Strange Weather in Tokyo is a tender love story that drifts with the lightness of a leaf on a stream. Subtle and touching, this is a novel about loneliness, assuaged by an unlikely romance, and brought to life by one of Japan’s most engaging contemporary writers.

38-year-old Tsukiko lives alone and is resigned to a quiet, solitary life. One night when she is out drinking sake alone at a bar, she runs into one of her former high school teachers, who is also drinking alone. Sensei, as she calls him, is a reserved, formal man at least 30 years her senior. Like Tsukiko, he has been on his own for a long time, and like her, he is comfortable that way. Yet they continue to meet, often by chance, to drink sake and share food, and as the seasons change a quietly affectionate friendship blooms.

The story follows the gentle ebbs and flows of their relationship over the course of several years. The passage of the seasons marks the time, from a frosty morning hunting for mushrooms in the mountains to a party celebrating the mesmerising beauty of the cherry blossom trees.
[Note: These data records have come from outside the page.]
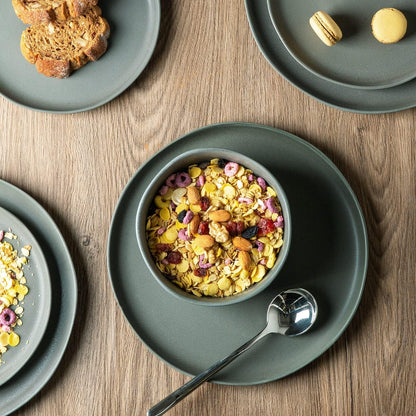 AmorArc Stoneware Dinnerware Sets, Wavy Rim Ceramic Plates and Bowls Sets, Highly Chip and Crack Resistant | Dishwasher & Microwave & Oven Safe Dishes set, Service for 4 (12pc)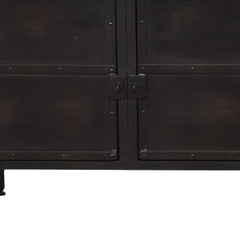 62" Black Iron Sideboard Console Cabinet - Homeroots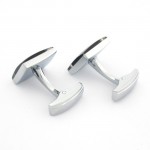 Titanium and Black IP Plated Cufflinks with Diamonds C-1179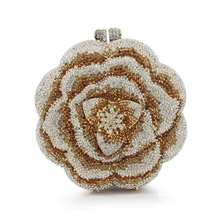 Round Women Crystal Clutch Flower Evening Purse Mini Minaudiere Handbag Wedding Party Bridal Chain Shoulder Bag 2024 - buy cheap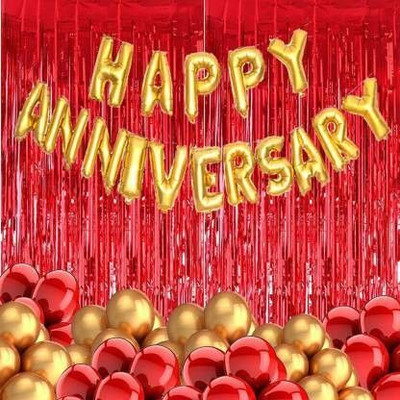 RSPD Solid Happy Anniversary Balloons Decoration Kit With Metallic Balloons Combo Set Balloon(Red, Gold, Pack of 48)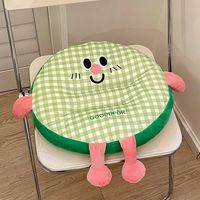 Coussin de siège en coton épais à motif quadrillé de dessin animé avec repose-bras et repose-jambes, coussin de chaise pour bureau et dortoir, vente en gros personnalisée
Nature is treated delicately, revealing Hiromi Kawakami’s gift for evoking an atmosphere in just a few spare lines, much like haiku.

As Tsukiko slowly develops romantic feelings for Sensei, the cinematic, dreamlike quality of the novel seems to build: “At some point, sitting beside Sensei, I began to notice the heat that radiated from his body. Through his starched shirt, there came a sense of Sensei. A feeling of nostalgia.” They approach the idea of love hesitantly, and as they navigate this uncertain terrain there is a feeling of hope, tempered strangely with sadness.

First published in Japan in 2001 as Sensei no Kaban (The Teacher’s Briefcase), the recently translated Strange Weather in Tokyo was shortlisted for the 2012 Man Asian Literary Prize.


Rebecca Howden is a freelance reviewer.